Configuring NVIDIA GPU drivers for deep learning workloads on Linux involves several steps to ensure your system is ready for high-performance computations. Here’s a detailed guide:
1. Check GPU Compatibility
- Verify your NVIDIA GPU model is supported for deep learning workloads by checking compatibility with CUDA and cuDNN libraries on the NVIDIA website.
2. Prepare Your Linux Environment
- Update your Linux system to the latest version for compatibility:
sudo apt update && sudo apt upgrade
- Make sure you have the necessary developer tools installed:
sudo apt install build-essential dkms
3. Install NVIDIA GPU Drivers
-
Check for the latest NVIDIA drivers:
Visit the NVIDIA Drivers Download page and identify the correct driver version for your GPU and Linux distribution. -
Remove existing drivers (if needed):
sudo apt remove --purge nvidia-*
-
Add the NVIDIA repository (Ubuntu/Debian):
sudo add-apt-repository ppa:graphics-drivers/ppa
sudo apt update -
Install the recommended driver:
ubuntu-drivers devices
sudo apt install nvidia-driver-<version>
Replace<version>
with the recommended or latest driver version. -
Verify driver installation:
nvidia-smi
This should display information about your GPU and the installed driver.
4. Install CUDA Toolkit
- Download the CUDA toolkit installer from the NVIDIA CUDA Toolkit page.
-
Follow the installation instructions for your Linux distribution.
-
Add CUDA to your path:
export PATH=/usr/local/cuda/bin:$PATH
export LD_LIBRARY_PATH=/usr/local/cuda/lib64:$LD_LIBRARY_PATH - Verify CUDA installation:
nvcc --version
5. Install cuDNN
- Download cuDNN from the NVIDIA cuDNN page (requires registration).

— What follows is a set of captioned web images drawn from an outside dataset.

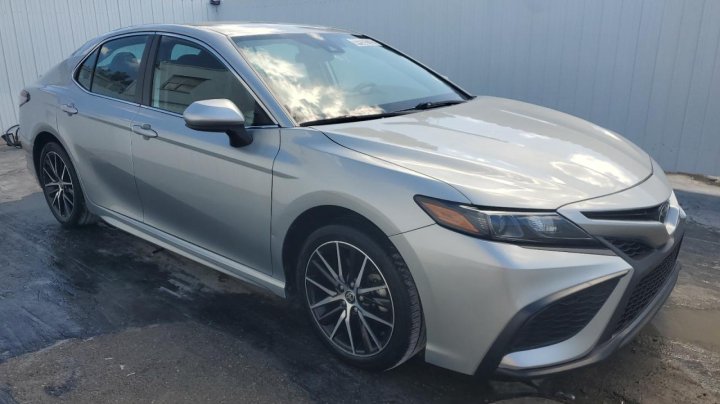 Toyota Camry SE 2021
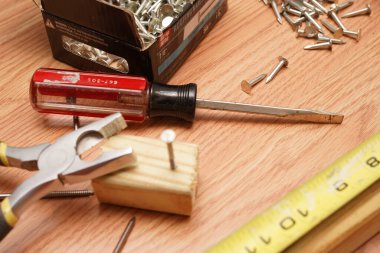 Ev yenileme projesi için inşaat araçları kullanılıyor.  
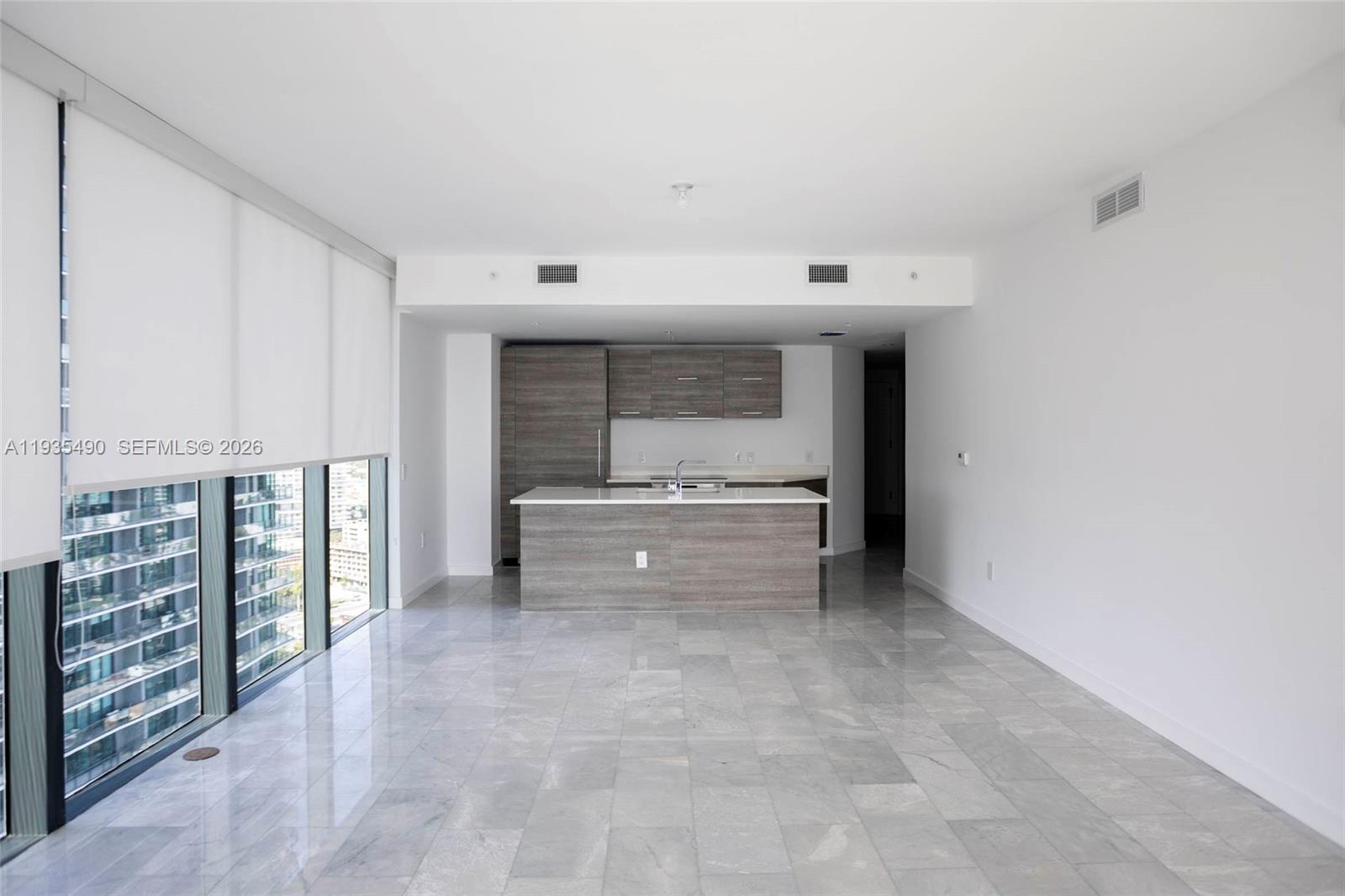650 NE 32nd St #2701, Miami FL 33137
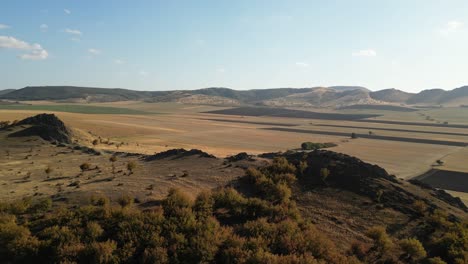 Vista-Panorámica-Aérea-Del-Paisaje-Estepario-Montañoso-Durante-El-Amanecer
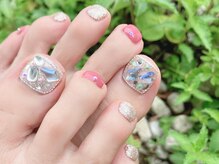 ドットエム(.m)の雰囲気（サンダルの季節はフットネイル♪半個室でTVをみながらゆったりと）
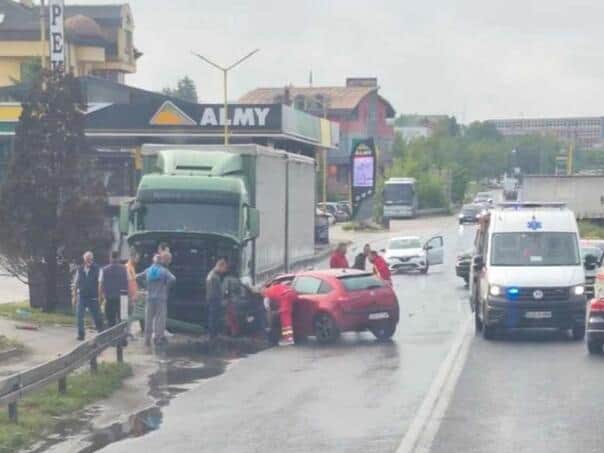 u sudaru kamiona i automobila u zenici povrijedjena jedna osoba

- Extract the downloaded archive and copy the files to the appropriate CUDA directory:
sudo cp cuda/include/cudnn*.h /usr/local/cuda/include
sudo cp cuda/lib64/libcudnn* /usr/local/cuda/lib64
sudo chmod a+r /usr/local/cuda/include/cudnn*.h /usr/local/cuda/lib64/libcudnn*
6. Install Deep Learning Frameworks
- Install Python and pip:
sudo apt install python3 python3-pip
- Install frameworks like TensorFlow or PyTorch with GPU support:
- TensorFlow:
pip install tensorflow
- PyTorch:
pip install torch torchvision torchaudio --index-url https://download.pytorch.org/whl/cu<version>
Replace<version>
with your CUDA version (e.g.,cu118
for CUDA 11.8).
- TensorFlow:
7. Test Your Setup
- Run a quick test to ensure the GPU is being utilized:
- TensorFlow:
python
import tensorflow as tf
print("GPUs Available: ", len(tf.config.list_physical_devices('GPU'))) - PyTorch:
python
import torch
print("CUDA Available: ", torch.cuda.is_available())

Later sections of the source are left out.